Audio Classification: Training a Drum Kit Classifier

May 17, 2026

Audio Classification: Training a Drum Kit Classifier

This post describes a first attempt at an AI project I have been working on: audio classification of single drum hits — collecting one-shots from sample packs, building a labelled dataset, fine-tuning Wav2Vec2, and publishing both dataset and model to Huggingface.

The finished artefacts are public here:

Dataset: airasoul/drum-kit
Model: airasoul/wav2vec2-base-drum-kit

The original source Jupyter notebooks can be found in the following github repository:

drumkit-classifier

In this post

What was built (dataset, augmentation, training)
Results
Using the dataset and model
Limitations

What was built

The goal was a classifier that takes a short WAV of a single drum or percussion hit and returns one of ten instrument labels. Everything below was done in a sequence of Jupyter notebooks; the early work is summarised here as outcomes rather than a tutorial.

Dataset. Roughly 3,000 one-shot WAV files were gathered from several open source sample packs. Files were sorted into ten classes by matching filenames against keyword rules — kick, bd, snare, hat, tom, and so on — then renamed to a consistent pattern (kick-000001.wav, etc.). All audio was resampled to 16 kHz mono, which matches facebook/wav2vec2-base and keeps training practical.

Classes: clap, conga, crash, cymbal, hat, kick, ride, rim, snare, tom.

Augmentation. To stretch the data without recording more hits, each original file was left in place and three variants were written alongside it: a slight time stretch, low-level noise, and gain change (±20%). Augmented files use suffixes -stretch, -noise, and -gain in the filename. That roughly quadruples the material the model sees while keeping labels tied to the parent folder.

Hub dataset. The folder tree was pushed to Hugging Face as airasoul/drum-kit. Labels follow the usual Hub convention: the parent directory name is the class. The split is 90% train / 10% test, fixed with seed 42. Each row exposes an audio feature (path, array, sampling rate) and a string label.

Model. facebook/wav2vec2-base was fine-tuned for ten-way classification on the Hub dataset. Clips are truncated or padded to 3 seconds at 16 kHz. Training ran for 10 epochs with evaluation each epoch; a weighted loss was used in places to reduce bias toward over-represented classes (e.g. the model defaulting to “snare”). The best checkpoint was published as airasoul/wav2vec2-base-drum-kit (~360 MB weights).

Results

On the held-out test split (300 samples), the published model reaches 97.0% accuracy.

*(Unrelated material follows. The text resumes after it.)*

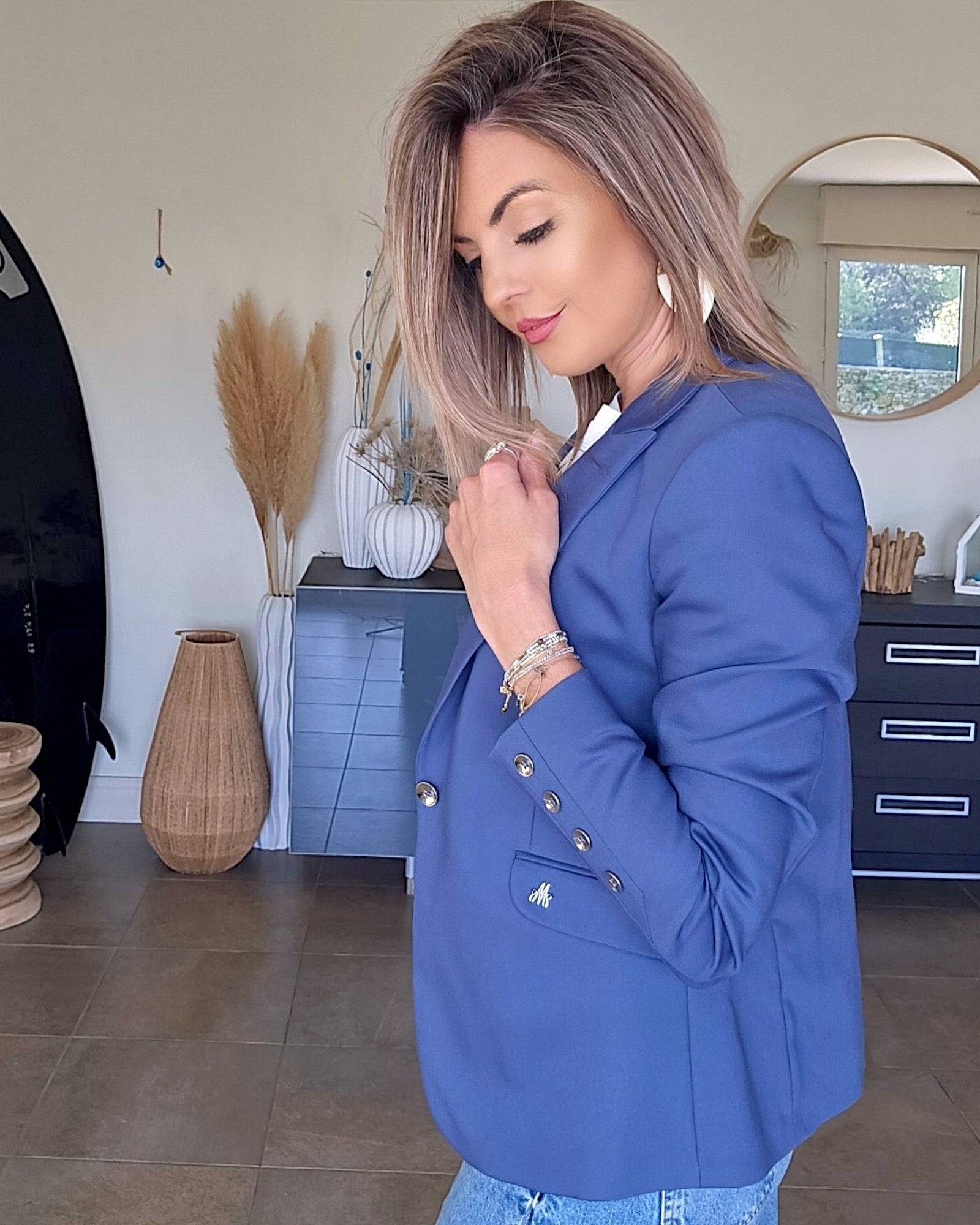 Veste Mos blue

Validation during training reached ~95.7% by epoch 10.

Class	Precision	Recall	F1-score
clap	1.00	1.00	1.00
conga	0.96	0.93	0.95
crash	0.97	0.97	0.97
cymbal	1.00	0.91	0.95
hat	1.00	0.97	0.98
kick	1.00	0.94	0.97
ride	0.94	1.00	0.97
rim	1.00	1.00	1.00
snare	0.89	0.96	0.93
tom	0.92	1.00	0.96

Load the dataset

Load the drum-kit dataset from the Hugging Face Hub using datasets.load_dataset. The dataset is already split into train (and optionally test) via the deployment script, so no manual split is needed. This cell also inspects the dataset features (audio, label) and overall structure.

from datasets import load_dataset, Audio

# load dataset
dataset = load_dataset("airasoul/drum-kit")
features = dataset['train'].features

# print('Features', features)
# print('Audio Features', features["audio"])
# print('Label Features', features["label"])
# print('Dataset', dataset)

Get labels from the dataset

Extract the unique label values from both the train and test splits, merge them into a single sorted list, and count the number of distinct classes. This gives you the full set of drum/instrument labels (e.g. kick, snare) used in the dataset.

# Get the labels for test

labels_test = dataset['train'].unique("label")
print("Available labels in test:", labels_test)

# Get the labels for train
labels_train = dataset['test'].unique("label")
print("Available labels in train:", labels_train)

# Merge the labels
labels = sorted(list(set(labels_train) | set(labels_test)))
print('Merged labels', labels)

# Get the number of labels
num_labels = len(labels)
print('Number of labels:', num_labels)

Index labels

Build label2id and id2label mappings so each class name maps to a numeric ID (and vice versa). These mappings are required for training or evaluating models that expect integer class indices (e.g. many audio classification models).


label2id, id2label = dict(), dict()

for i, label in enumerate(labels):
    label2id[label] = str(i)
    id2label[str(i)] = label

print('label2id, id2label ', label2id, id2label )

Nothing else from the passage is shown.